Look through the data below and return each line where "Case" appears.

## GIVEN INFORMATION
■ ■ ■ ■ ■

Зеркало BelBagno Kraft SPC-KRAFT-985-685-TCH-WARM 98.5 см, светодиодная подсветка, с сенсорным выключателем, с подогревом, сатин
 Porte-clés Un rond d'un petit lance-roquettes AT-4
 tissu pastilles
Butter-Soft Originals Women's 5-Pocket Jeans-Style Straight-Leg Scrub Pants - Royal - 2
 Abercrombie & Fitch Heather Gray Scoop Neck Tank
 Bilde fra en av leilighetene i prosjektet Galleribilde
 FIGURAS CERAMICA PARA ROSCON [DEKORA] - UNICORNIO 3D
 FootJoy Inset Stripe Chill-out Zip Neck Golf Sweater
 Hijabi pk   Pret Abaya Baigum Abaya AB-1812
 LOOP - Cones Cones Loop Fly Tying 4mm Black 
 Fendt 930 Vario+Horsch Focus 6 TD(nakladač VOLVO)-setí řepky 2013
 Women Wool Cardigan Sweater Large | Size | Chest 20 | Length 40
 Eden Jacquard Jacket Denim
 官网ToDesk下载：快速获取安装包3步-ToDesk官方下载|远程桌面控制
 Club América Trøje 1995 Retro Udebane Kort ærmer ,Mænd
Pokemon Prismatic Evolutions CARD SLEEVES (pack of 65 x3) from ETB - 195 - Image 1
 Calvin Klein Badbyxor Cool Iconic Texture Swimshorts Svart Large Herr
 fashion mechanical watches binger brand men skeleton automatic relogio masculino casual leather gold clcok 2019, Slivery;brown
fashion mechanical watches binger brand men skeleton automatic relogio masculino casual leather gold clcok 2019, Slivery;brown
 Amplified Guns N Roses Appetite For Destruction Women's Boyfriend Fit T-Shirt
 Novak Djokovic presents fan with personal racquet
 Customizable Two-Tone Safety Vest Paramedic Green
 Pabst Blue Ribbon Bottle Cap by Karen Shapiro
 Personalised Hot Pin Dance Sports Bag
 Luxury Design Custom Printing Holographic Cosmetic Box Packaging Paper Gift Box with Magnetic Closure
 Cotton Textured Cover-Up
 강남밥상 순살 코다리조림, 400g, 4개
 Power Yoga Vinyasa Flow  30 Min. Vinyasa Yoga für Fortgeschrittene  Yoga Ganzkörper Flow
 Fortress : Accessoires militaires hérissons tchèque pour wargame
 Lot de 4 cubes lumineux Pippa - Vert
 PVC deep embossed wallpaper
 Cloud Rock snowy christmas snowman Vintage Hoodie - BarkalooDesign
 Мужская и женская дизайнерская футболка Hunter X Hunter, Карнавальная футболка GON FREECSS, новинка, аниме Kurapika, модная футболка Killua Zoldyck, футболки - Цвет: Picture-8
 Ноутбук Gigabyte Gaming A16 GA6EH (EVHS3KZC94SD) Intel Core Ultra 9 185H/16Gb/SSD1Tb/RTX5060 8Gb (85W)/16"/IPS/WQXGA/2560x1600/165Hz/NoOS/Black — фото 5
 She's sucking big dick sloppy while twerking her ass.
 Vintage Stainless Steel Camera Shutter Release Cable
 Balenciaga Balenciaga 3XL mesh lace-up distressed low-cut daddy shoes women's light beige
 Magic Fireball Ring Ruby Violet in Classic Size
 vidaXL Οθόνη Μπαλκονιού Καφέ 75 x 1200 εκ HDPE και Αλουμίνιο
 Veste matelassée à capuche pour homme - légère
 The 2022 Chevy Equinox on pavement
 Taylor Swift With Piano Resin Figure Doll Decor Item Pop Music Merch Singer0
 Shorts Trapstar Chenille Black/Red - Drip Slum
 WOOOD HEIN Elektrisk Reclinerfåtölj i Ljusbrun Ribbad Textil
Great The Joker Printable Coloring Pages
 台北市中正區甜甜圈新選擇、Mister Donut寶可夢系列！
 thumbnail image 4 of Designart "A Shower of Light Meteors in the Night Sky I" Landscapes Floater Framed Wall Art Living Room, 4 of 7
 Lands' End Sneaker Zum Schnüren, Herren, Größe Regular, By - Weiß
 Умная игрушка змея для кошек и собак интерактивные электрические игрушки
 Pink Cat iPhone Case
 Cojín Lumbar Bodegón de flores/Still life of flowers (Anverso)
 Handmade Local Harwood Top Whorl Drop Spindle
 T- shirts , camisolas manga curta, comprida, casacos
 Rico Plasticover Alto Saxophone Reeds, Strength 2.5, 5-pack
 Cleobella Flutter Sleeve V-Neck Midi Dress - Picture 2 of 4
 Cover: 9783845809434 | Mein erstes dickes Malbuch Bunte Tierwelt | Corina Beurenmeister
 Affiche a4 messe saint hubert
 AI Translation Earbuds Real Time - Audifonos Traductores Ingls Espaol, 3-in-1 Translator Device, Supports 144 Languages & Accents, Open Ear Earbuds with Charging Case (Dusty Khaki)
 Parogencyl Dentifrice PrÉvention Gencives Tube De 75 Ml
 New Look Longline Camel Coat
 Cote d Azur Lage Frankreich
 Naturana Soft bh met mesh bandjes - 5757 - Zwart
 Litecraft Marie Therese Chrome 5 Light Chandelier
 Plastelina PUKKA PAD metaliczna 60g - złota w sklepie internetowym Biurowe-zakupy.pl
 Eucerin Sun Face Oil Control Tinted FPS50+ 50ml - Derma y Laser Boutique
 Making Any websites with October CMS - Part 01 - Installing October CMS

■ ■ ■ ■ ■

## EXERCISE OUTPUT
 Pink Cat iPhone Case
 AI Translation Earbuds Real Time - Audifonos Traductores Ingls Espaol, 3-in-1 Translator Device, Supports 144 Languages & Accents, Open Ear Earbuds with Charging Case (Dusty Khaki)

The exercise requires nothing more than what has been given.